BO BEAUTY ORIGINS opposition rejected

Hong Kong

The registrar of trademarks has issued a decision rejecting an opposition filed by Origins Natural Resources Inc (Origins) against an application by Beauty Origins Limited to register the figurative mark BO BEAUTY ORIGINS for cosmetics in Class 3 of the Nice Classification and health food in Class 5 (File 300239463, July 20 2007).

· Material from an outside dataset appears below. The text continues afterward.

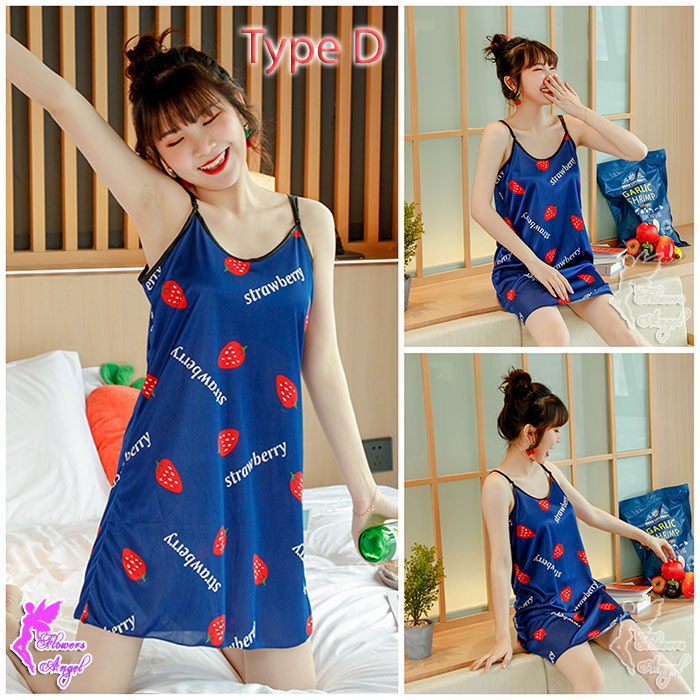 Daster Baju Tidur Wanita Satin Sexy Sleepwear-4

Origins claimed that in respect of cosmetics and health food for the enhancement of one's beauty, the word 'BEAUTY' is non-distinctive. It also argued that the only distinctive element in Beauty Origin's mark is the word 'ORIGINS', which is:

  • identical to a number of Origins' earlier trademark registrations in Hong Kong in respect of toiletries, beauty products and vitamins; and

  • confusingly similar to the family of marks registered by Origins in Hong Kong in Classes 3 and 5, which incorporates the word 'ORIGINS'.

Origins claimed that Beauty Origins' mark should not be registered under Section 12(3) of the Trademarks Ordinance, which provides that a trademark shall not be registered if:

  • it is similar to an earlier trademark;

  • the goods or services for which the application for registration is made are identical or similar to those for which the earlier trademark is protected; and

  • the use of the trademark in relation to those goods or services is likely to cause confusion to the public.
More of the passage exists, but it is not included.